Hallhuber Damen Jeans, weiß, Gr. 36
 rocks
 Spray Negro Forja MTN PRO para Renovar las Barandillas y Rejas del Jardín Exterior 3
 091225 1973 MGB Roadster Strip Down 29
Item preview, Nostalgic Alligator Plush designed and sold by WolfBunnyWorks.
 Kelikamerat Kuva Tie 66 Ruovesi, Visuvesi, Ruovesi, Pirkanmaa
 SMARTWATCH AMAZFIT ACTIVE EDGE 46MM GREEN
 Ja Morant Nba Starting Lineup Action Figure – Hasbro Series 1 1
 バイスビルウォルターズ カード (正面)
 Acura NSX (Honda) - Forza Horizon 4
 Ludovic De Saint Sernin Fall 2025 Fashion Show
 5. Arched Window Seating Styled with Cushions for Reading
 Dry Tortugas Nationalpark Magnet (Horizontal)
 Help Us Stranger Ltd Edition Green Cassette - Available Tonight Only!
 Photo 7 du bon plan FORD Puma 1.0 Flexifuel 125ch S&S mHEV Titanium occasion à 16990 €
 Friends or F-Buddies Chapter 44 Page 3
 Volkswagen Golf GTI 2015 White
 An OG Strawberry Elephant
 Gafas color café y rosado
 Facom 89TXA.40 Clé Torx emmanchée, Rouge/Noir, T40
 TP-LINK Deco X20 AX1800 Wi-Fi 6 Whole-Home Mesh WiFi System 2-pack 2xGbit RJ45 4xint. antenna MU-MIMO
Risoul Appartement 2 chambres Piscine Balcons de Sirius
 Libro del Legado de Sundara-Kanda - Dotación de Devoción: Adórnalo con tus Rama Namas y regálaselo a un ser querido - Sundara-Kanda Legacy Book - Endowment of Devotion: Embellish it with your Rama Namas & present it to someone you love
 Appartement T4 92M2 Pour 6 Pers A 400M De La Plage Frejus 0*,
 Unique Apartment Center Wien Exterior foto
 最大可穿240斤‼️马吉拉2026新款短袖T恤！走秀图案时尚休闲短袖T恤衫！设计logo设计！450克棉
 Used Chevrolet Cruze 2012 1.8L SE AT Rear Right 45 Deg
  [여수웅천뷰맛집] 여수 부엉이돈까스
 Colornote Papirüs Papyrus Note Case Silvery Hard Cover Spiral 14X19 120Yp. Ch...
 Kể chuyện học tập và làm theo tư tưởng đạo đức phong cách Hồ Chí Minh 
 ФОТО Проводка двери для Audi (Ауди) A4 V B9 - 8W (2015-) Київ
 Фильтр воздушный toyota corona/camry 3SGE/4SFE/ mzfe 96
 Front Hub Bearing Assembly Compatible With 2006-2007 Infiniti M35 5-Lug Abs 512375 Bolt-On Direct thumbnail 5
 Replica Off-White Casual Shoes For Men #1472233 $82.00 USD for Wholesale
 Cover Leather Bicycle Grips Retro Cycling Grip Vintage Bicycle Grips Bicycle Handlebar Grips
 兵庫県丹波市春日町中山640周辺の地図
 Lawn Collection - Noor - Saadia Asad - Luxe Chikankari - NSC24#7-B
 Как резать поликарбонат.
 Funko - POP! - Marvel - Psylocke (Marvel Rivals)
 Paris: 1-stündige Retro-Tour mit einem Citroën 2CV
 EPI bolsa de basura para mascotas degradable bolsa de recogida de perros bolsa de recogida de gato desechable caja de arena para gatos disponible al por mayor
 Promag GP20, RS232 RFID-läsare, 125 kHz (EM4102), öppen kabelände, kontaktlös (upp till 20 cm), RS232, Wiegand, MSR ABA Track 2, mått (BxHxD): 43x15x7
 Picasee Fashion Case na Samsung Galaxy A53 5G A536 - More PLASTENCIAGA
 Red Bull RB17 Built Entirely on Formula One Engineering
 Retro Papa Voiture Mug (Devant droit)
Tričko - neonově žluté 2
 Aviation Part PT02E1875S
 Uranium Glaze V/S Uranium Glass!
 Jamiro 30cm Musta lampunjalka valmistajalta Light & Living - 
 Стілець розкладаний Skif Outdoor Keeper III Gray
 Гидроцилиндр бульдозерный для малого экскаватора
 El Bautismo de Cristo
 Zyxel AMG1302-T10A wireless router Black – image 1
* * * *
> [Exercise description] Find each line in the data above with the word "Cover", then copy it.

> [Response for this exercise]
 Colornote Papirüs Papyrus Note Case Silvery Hard Cover Spiral 14X19 120Yp. Ch...
 Cover Leather Bicycle Grips Retro Cycling Grip Vintage Bicycle Grips Bicycle Handlebar Grips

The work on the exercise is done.